Before repeating the entries below, strip out every picture and keep all else as it is.

Entries taken from a collection:
============
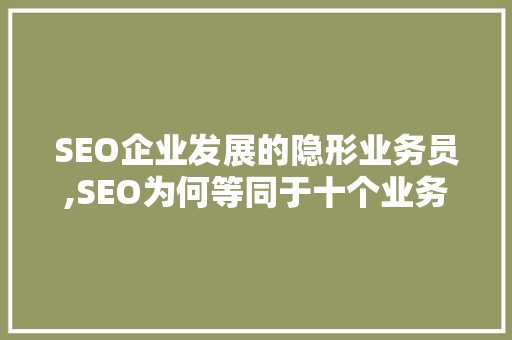 SEO企业发展的隐形业务员,SEO为何等同于十个业务员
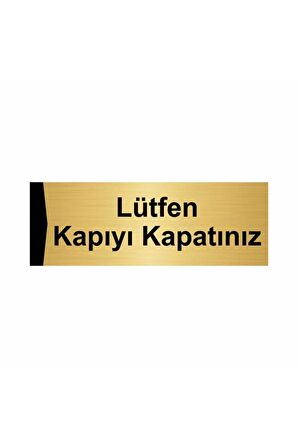 Lütfen Kapıyı Kapatınız 7x20cm Altın Renk Metal Yönlendirme Levhası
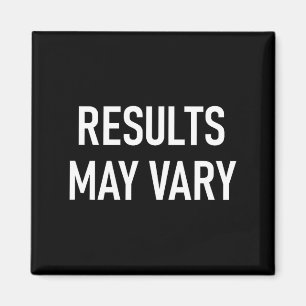 Results May Vary, Funny, Joke, Sarcastic, Family Magnet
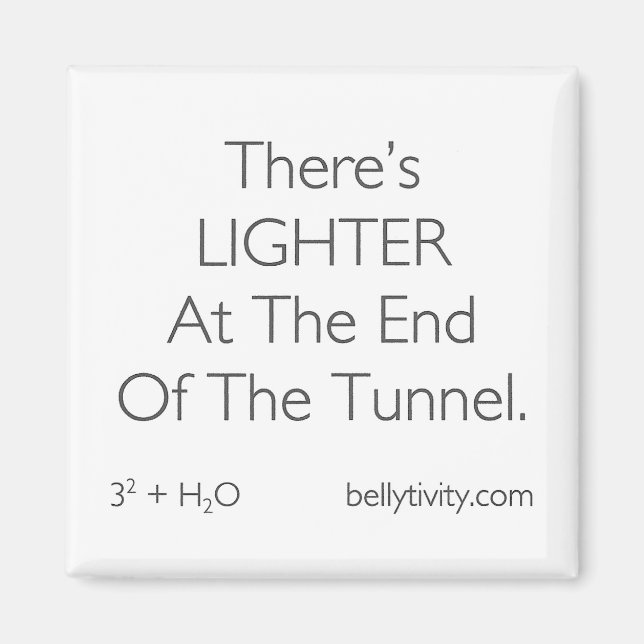 "There's LIGHTER…." bellytivity fridge magnet (Front)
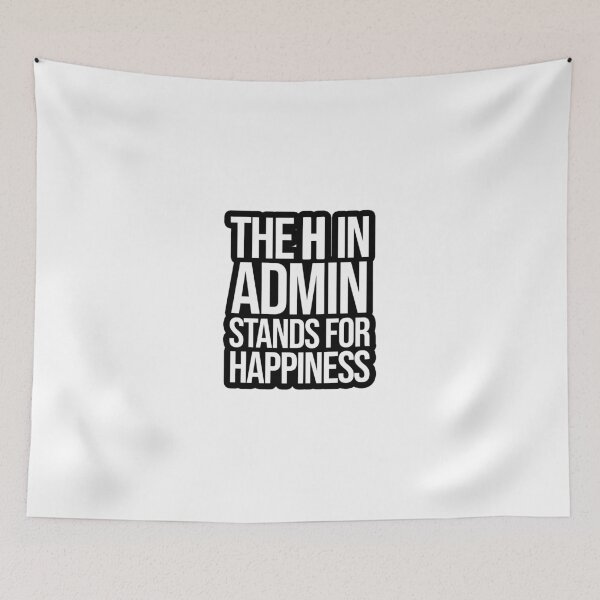 Item preview, The H in Admin stands for Happiness designed and sold by TopsellerShirts.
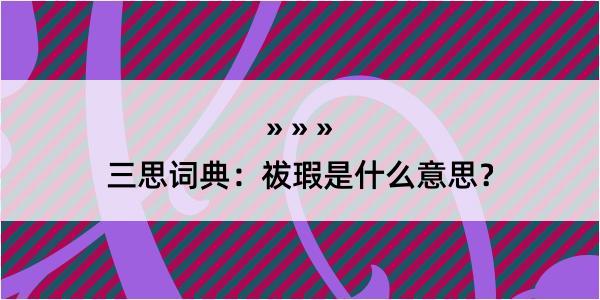 三思词典：祓瑕是什么意思？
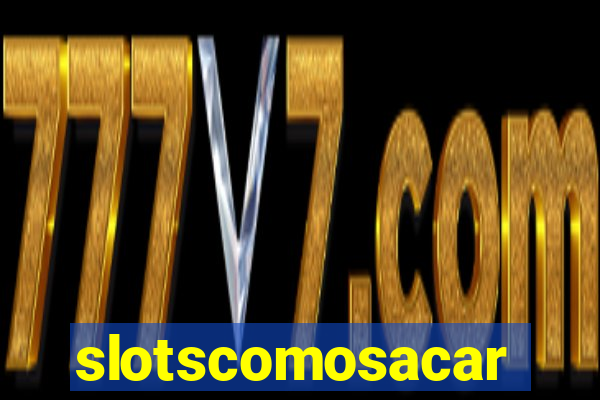 slotscomosacar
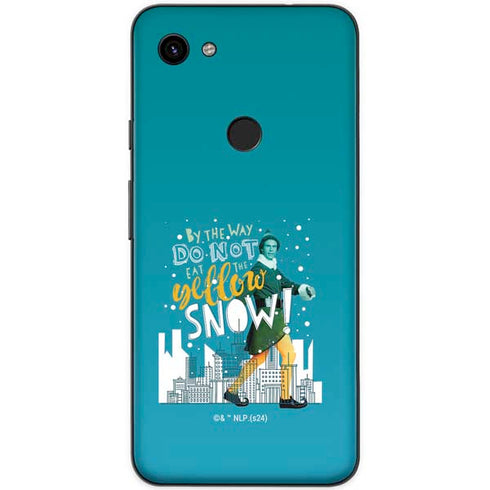 Elf Buddy Don’t Eat Yellow Snow Google Pixel 3a Skin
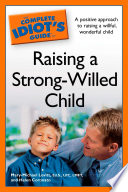 The Complete Idiot S Guide To Raising A Strong Willed Child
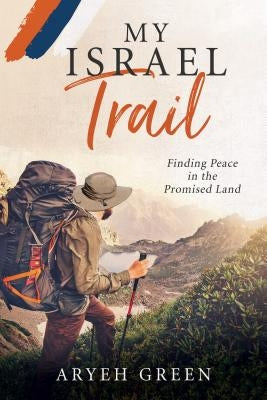 My Israel Trail: Finding Peace in the Promised Land by Green, Aryeh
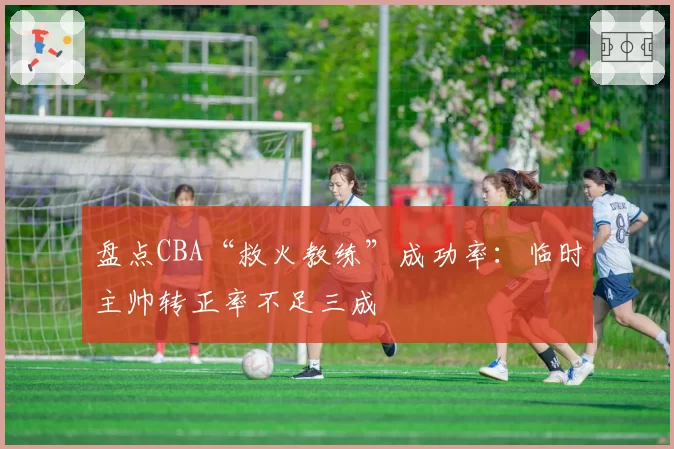 盘点CBA“救火教练”成功率:临时主帅转正率不足三成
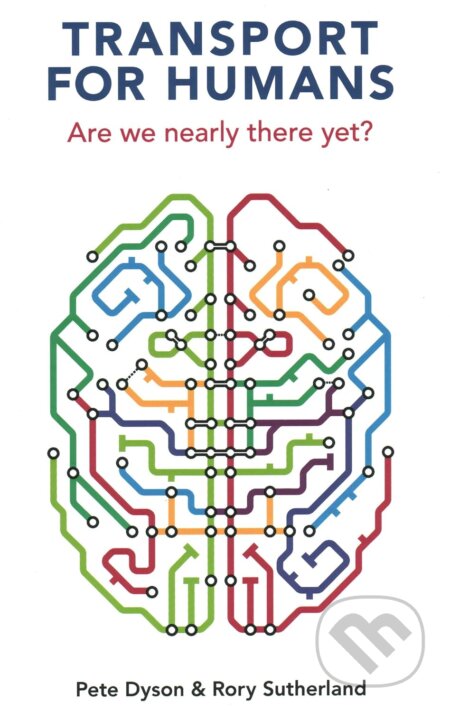 Kniha: Transport for Humans (Pete Dyson a Rory Sutherland). London Publishing Partnership, 2021 Kniha: Transport for Humans (Pete Dyson a Rory Sutherland). London Publishing Partnership, 2021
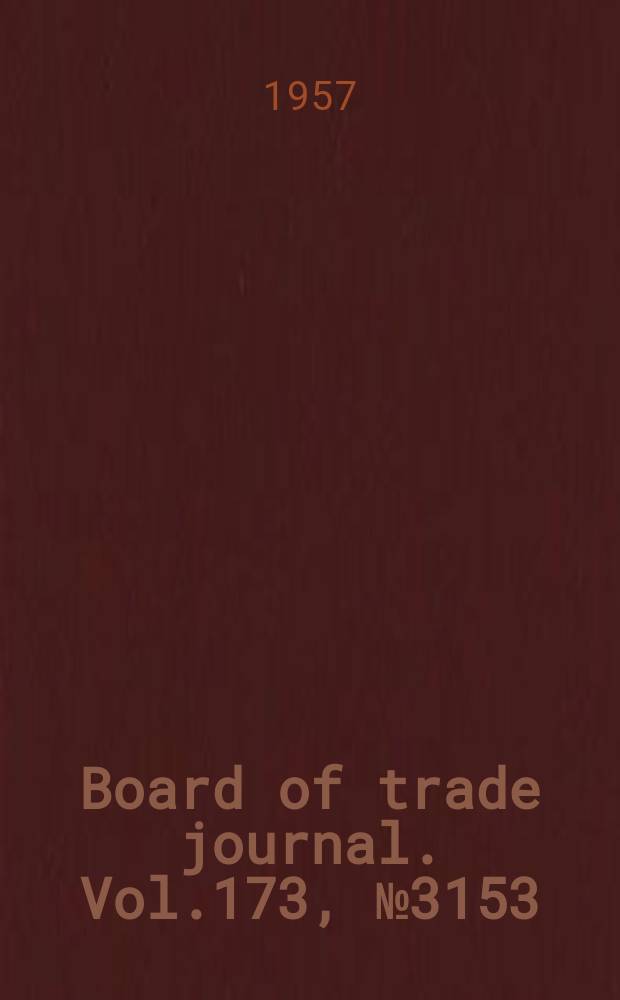 Board of trade journal. Vol.173, №3153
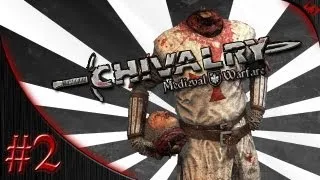 Chivalry: Medieval Warfare w/ Pixelz, C4, Ravi, & Evo Part 2 - Friendly Competition
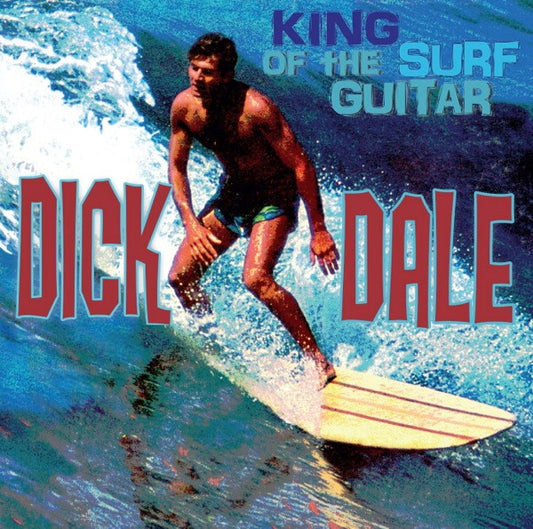 Album art for Dick Dale - King Of The Surf Guitar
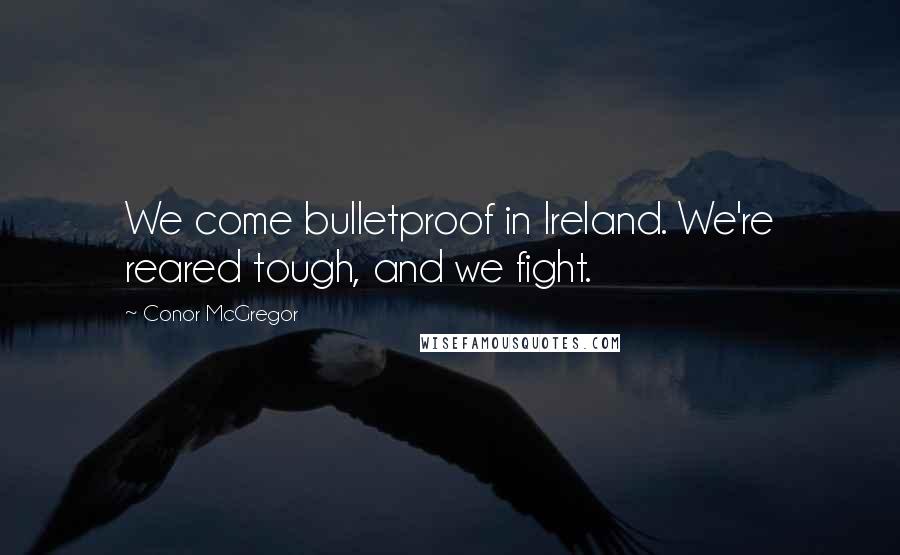 Conor McGregor Quotes: We come bulletproof in Ireland. We're reared tough, and we fight.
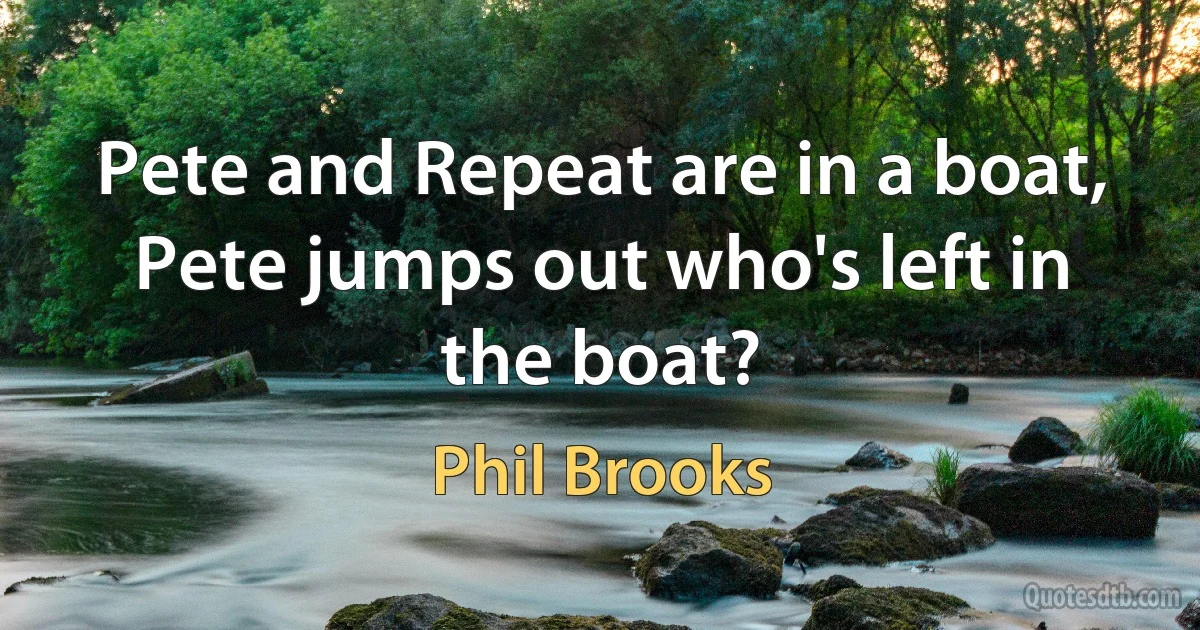 Pete and Repeat are in a boat, Pete jumps out who's left in the boat? (Phil Brooks)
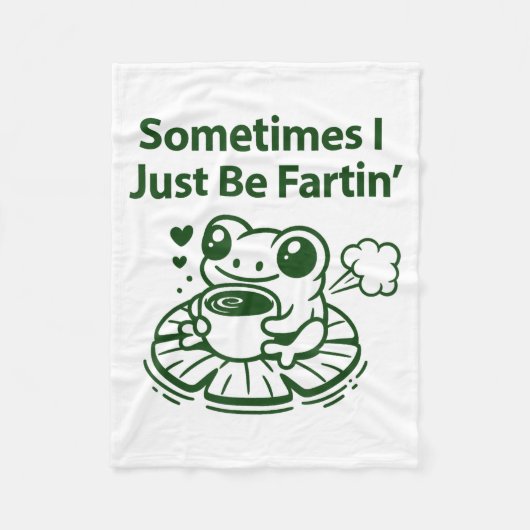 Funny Farting Frog Froglet Fart Sometimes I Just B フリースブランケット (正面)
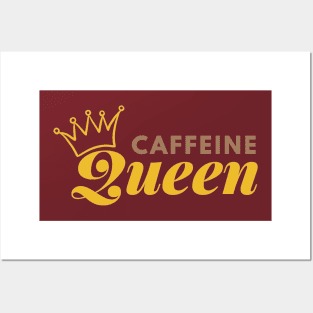 The Queen of Caffeine Posters and Art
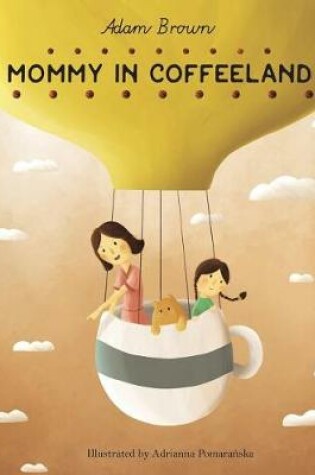 Cover of Mommy in Coffeeland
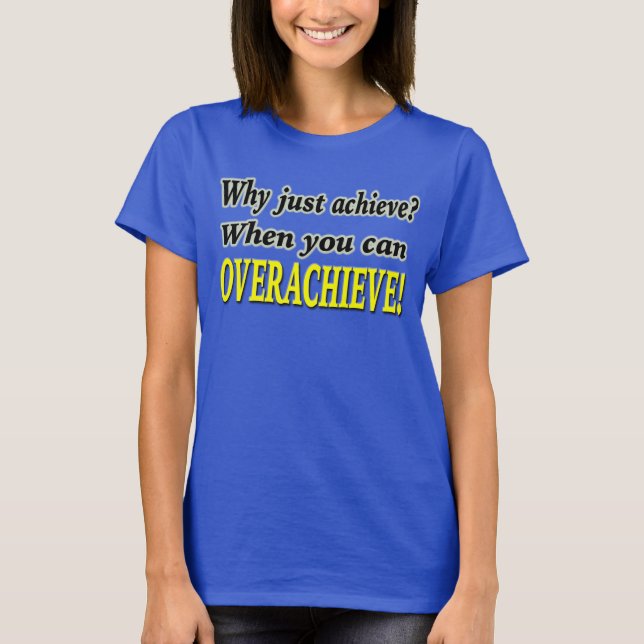 T-shirt Réalisez pourquoi juste ? Quand vous pouvez (Devant)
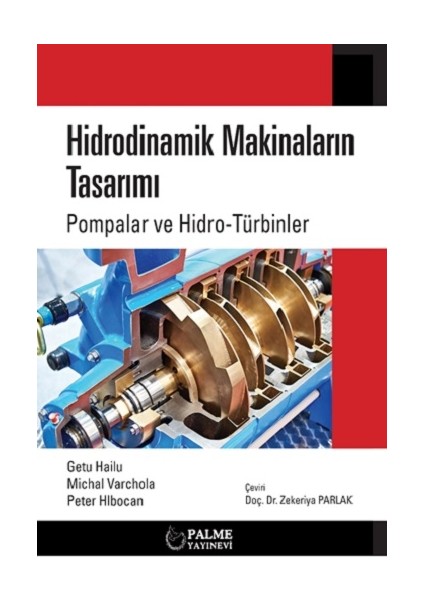 Hidrodinamik Makinaların Tasarımı Pompalar ve Hidro-Türbinler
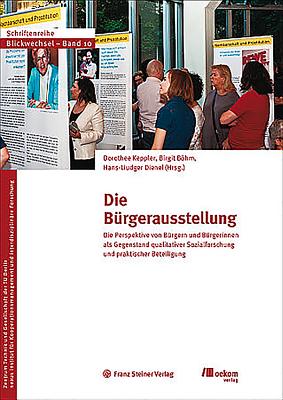 Die Burgerausstellung: Die Perspektive Von Burgern Und Burgerinnen ALS Gegenstand Qualitativer Sozialforschung Und Praktischer Beteiligung - Bohm, Birgit (Editor), and Dienel, Hans-Liudger (Editor), and Keppler, Dorothee (Editor)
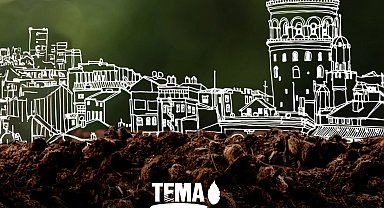 TEMA Vakfı'ndan gözaltı açıklaması: Gönüllülerimizin eylemle ilgisi bulunmamaktadır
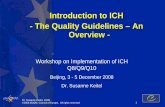 An...Introduction to ICH - The Quality Guidelines – An Overview
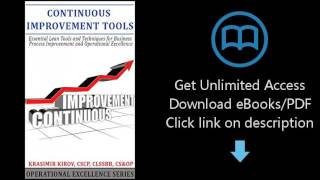 Continuous Improvement Tools: Essential Lean Tools and Techniques for Business Process Improvement a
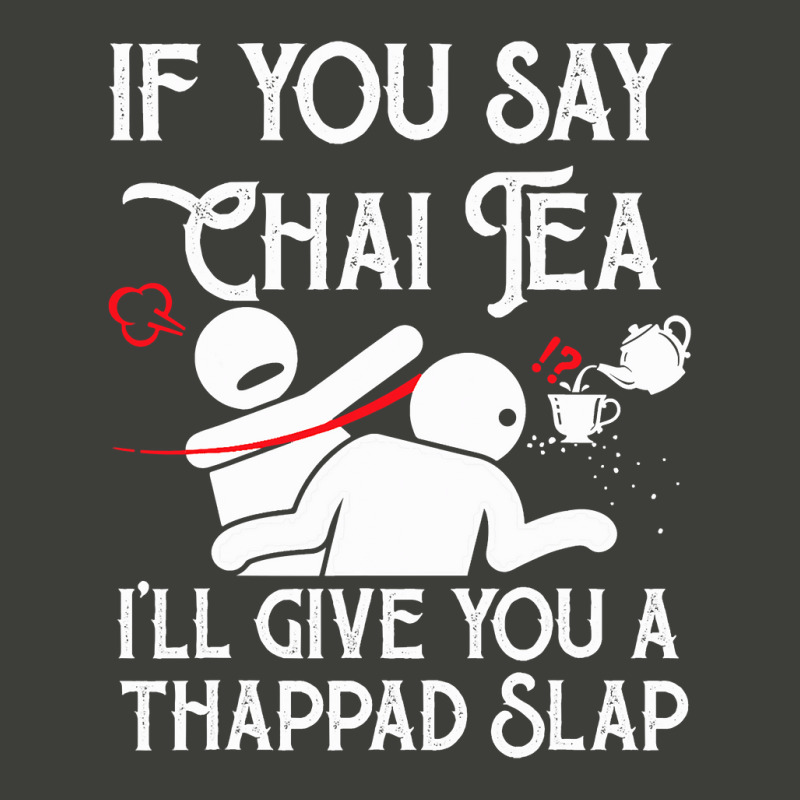 If You Say Chai Tea, I Will Give You A Thappad Slap, Chai Pa Trucker Cap | Artistshot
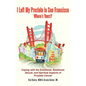 I Left My Prostate in San Francisco: Coping with the Emotional, Relational, Sexual, and Spiritual Aspects of Prostate Cancer - Paperback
============
▶ **Response**
 SEO企业发展的隐形业务员,SEO为何等同于十个业务员
 Lütfen Kapıyı Kapatınız 7x20cm Altın Renk Metal Yönlendirme Levhası
 Results May Vary, Funny, Joke, Sarcastic, Family Magnet
 "There's LIGHTER…." bellytivity fridge magnet (Front)
 Item preview, The H in Admin stands for Happiness designed and sold by TopsellerShirts.
 三思词典：祓瑕是什么意思？
 slotscomosacar
 Elf Buddy Don’t Eat Yellow Snow Google Pixel 3a Skin
 The Complete Idiot S Guide To Raising A Strong Willed Child
 My Israel Trail: Finding Peace in the Promised Land by Green, Aryeh
 盘点CBA“救火教练”成功率:临时主帅转正率不足三成
 Kniha: Transport for Humans (Pete Dyson a Rory Sutherland). London Publishing Partnership, 2021 Kniha: Transport for Humans (Pete Dyson a Rory Sutherland). London Publishing Partnership, 2021
 Board of trade journal. Vol.173, №3153
 Chivalry: Medieval Warfare w/ Pixelz, C4, Ravi, & Evo Part 2 - Friendly Competition
 Album art for Dick Dale - King Of The Surf Guitar
 Conor McGregor Quotes: We come bulletproof in Ireland. We're reared tough, and we fight.
 Pete and Repeat are in a boat, Pete jumps out who's left in the boat? (Phil Brooks)
 Funny Farting Frog Froglet Fart Sometimes I Just B フリースブランケット (正面)
 The Queen of Caffeine Posters and Art
 Cover of Mommy in Coffeeland
 T-shirt Réalisez pourquoi juste ? Quand vous pouvez (Devant)
 Hidrodinamik Makinaların Tasarımı Pompalar ve Hidro-Türbinler
 Die Burgerausstellung: Die Perspektive Von Burgern Und Burgerinnen ALS Gegenstand Qualitativer Sozialforschung Und Praktischer Beteiligung - Bohm, Birgit (Editor), and Dienel, Hans-Liudger (Editor), and Keppler, Dorothee (Editor)
 TEMA Vakfı'ndan gözaltı açıklaması: Gönüllülerimizin eylemle ilgisi bulunmamaktadır
 An...Introduction to ICH - The Quality Guidelines – An Overview
 Continuous Improvement Tools: Essential Lean Tools and Techniques for Business Process Improvement a
 If You Say Chai Tea, I Will Give You A Thappad Slap, Chai Pa Trucker Cap | Artistshot
 I Left My Prostate in San Francisco: Coping with the Emotional, Relational, Sexual, and Spiritual Aspects of Prostate Cancer - Paperback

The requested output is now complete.